Task to complete:
Pull each line containing "Cover" out of the data and copy it.

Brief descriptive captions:
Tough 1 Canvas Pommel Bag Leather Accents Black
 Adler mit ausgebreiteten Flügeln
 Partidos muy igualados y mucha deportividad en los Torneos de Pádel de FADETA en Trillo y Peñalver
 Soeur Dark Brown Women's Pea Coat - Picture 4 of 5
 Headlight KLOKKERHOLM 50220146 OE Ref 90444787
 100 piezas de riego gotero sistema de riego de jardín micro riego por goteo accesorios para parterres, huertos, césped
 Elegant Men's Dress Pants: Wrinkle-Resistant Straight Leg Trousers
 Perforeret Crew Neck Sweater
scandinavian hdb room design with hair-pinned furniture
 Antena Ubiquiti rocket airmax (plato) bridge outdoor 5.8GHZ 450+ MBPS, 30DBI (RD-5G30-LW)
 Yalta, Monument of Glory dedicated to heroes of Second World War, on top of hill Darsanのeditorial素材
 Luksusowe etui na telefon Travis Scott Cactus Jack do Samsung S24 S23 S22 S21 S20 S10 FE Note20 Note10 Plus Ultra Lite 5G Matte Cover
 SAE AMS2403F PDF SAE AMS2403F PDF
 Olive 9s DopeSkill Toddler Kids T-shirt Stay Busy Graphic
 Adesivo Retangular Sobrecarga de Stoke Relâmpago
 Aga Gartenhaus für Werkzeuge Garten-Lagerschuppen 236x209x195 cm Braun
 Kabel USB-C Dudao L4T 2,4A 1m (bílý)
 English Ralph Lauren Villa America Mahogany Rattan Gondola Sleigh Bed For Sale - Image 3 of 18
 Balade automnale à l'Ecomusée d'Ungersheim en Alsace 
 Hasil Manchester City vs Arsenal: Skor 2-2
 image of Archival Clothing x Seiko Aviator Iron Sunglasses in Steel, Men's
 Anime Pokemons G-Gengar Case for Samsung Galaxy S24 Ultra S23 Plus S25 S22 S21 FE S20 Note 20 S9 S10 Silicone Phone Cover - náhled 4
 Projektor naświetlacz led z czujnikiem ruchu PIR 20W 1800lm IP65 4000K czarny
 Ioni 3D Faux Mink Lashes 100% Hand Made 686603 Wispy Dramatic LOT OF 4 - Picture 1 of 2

Reply:
 Luksusowe etui na telefon Travis Scott Cactus Jack do Samsung S24 S23 S22 S21 S20 S10 FE Note20 Note10 Plus Ultra Lite 5G Matte Cover
 Anime Pokemons G-Gengar Case for Samsung Galaxy S24 Ultra S23 Plus S25 S22 S21 FE S20 Note 20 S9 S10 Silicone Phone Cover - náhled 4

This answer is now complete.